1650 A Swedish colony known as the Swedish Gold Coast established by Hendrik Carloff on the Gulf of Guinea in present-day Ghana. He arrived at the Gold Coast on April 22, 1650. Carloff signed a contract for the purchase of land with the chief of Efutu.
1655 New Sweden annexed by New Netherland, a Dutch republic located on the east coast of North America.
1663 (22 April 1663) Swedish Gold Coast seized by Denmark and integrated into the Danish Gold Coast. Swedish Africa Company is dissolved.
1680 Swedish South Company is dissolved.
1784 (1 July 1784) France cedes control of Saint Barthélemy (St. Barts) to Sweden in exchange for trading rights in the Swedish port of Gothenburg.
1784 (1 September 1784) First Swedish governor, Salomon von Rajalin, appointed to administer the island, sailing from Gothenburg on December 4, 1784, arriving in Saint Barthélemy on March 6, 1785. At the time, the island had a population of about 750 of whom 281 were slaves.
1785 The French port of La Carénage in Saint Barthélemy was renamed Gustavia after the Swedish king, Gustav III.
1786 (28 August 1786) Slave trade to Saint Barthélemy was included in the “Ordinance respecting the Duties on the Island of St. Bartholomew.”
1786 (31 October 1786) Swedish West India Company was established on Saint Barthélemy with responsibility for maintaining the port and the employment of Swedish officials. It was the main operator in the Swedish slave trade during its existence. By the end of the century, around 1,330 ships visited the port of Gustavia annually.

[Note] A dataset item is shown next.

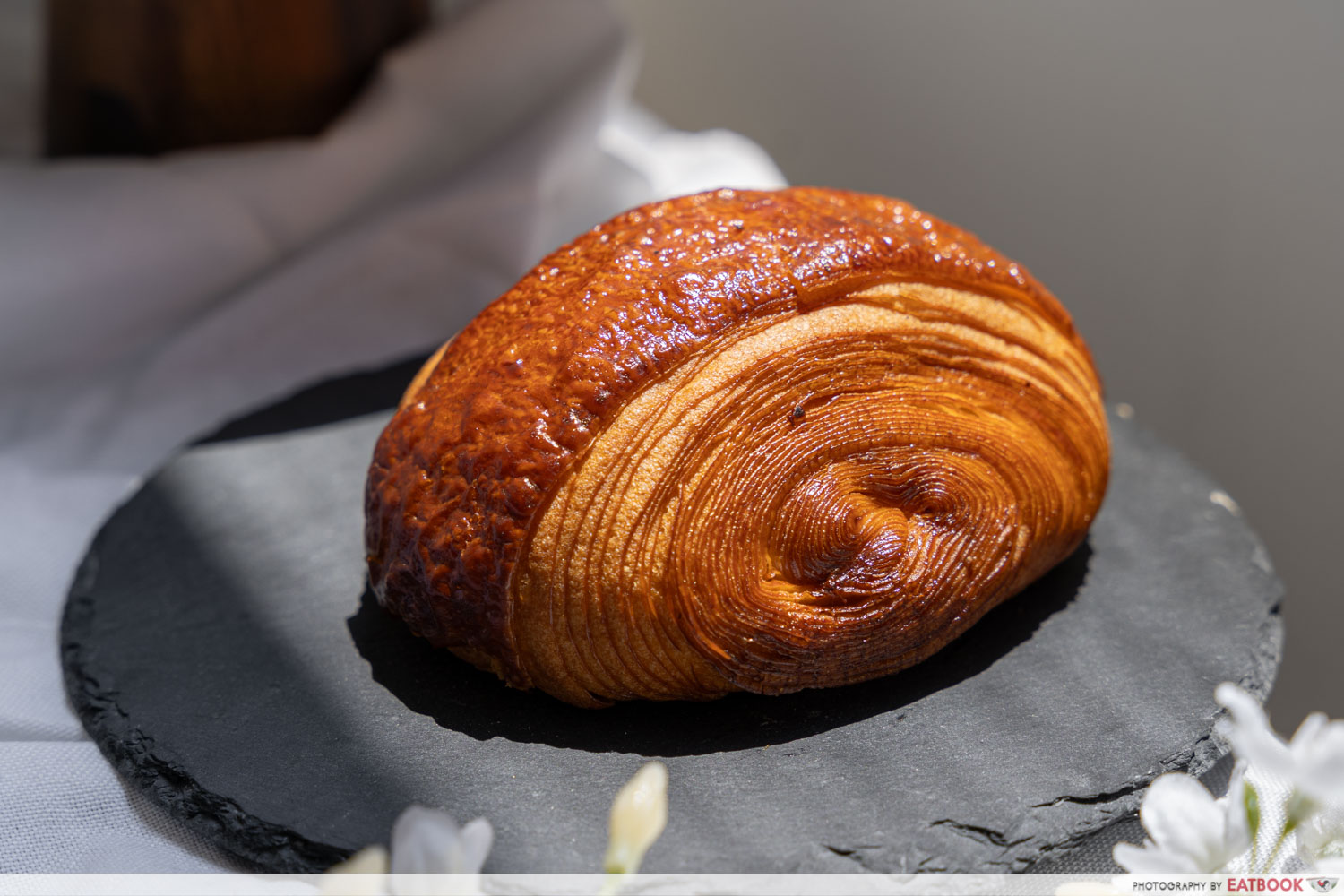 cedric grolet - pain au chocolat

1787 (30 July 1787) Slavery was practiced in Saint Barthélemy under the “Ordinance concerning the Police of Slaves and free Coloured People” of 1787.

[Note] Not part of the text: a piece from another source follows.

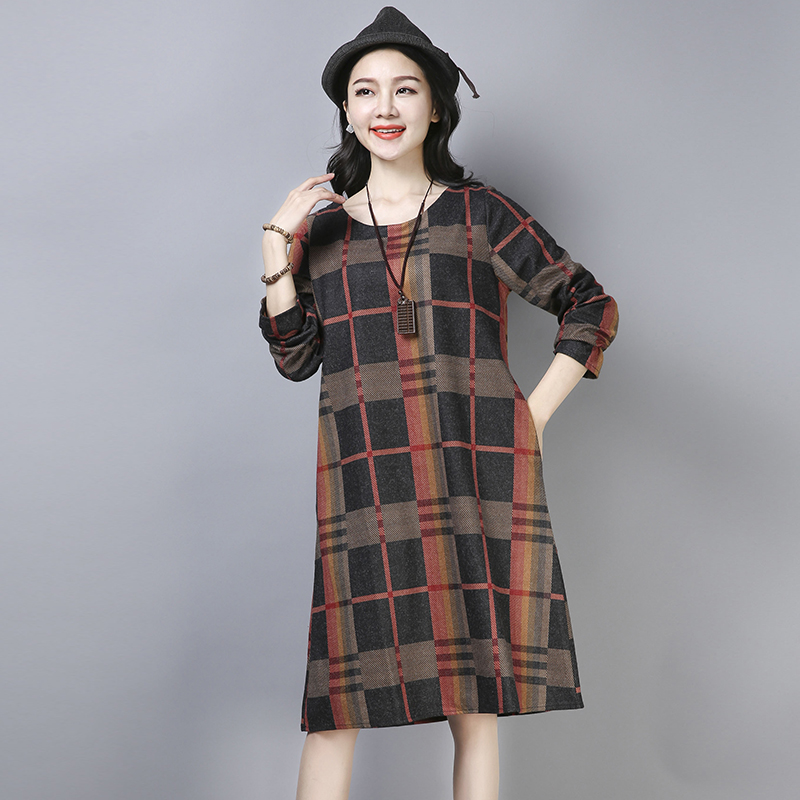 文艺复古连衣裙，让妈妈年轻漂亮有风韵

1790 (12 March 1790) The taxation regime for the shipment of slaves was established.
1812 During the War of 1812 between the United States and Britain, 20% of American exports are routed via Saint Barthélemy, thereby allowing trade on the island to flourish.
1812 Swedish parliament transferred the colony of Saint Barthélemy to the king as his private property. A colonial department was established in the king’s chancellery and customs duties and revenues were paid into the king’s Saint Barthélemy fund.
1813 (3 March 1813) Britain cedes Guadeloupe to Sweden as a consequence of the Napoleonic Wars.
1813 (13 August 1814) Sweden cedes Guadeloupe back to France under the terms of the Treaty of Paris, for a settlement of 24 million francs.
1819 Between a third to half of Saint Barthélemy‘s population were registered slaves (estimations are between 1,283 and 2033 slaves)
1839 Gustavia loses its role as a free port due to a severe decline in trade.
1840s Swedish parliament rules that Saint Barthélemy once again included under national administration.
1847 (9 October 1847) Slavery abolished in Saint Barthélemy.
1878 (16 March 1878) Sweden transfers Saint Barthélemy back to France. The territory is administered as part of Guadeloupe. The transfer agreement was signed in Paris on 10 August 1877, ratified in Stockholm on 9 November 1877, and in Paris on 4 March 1878.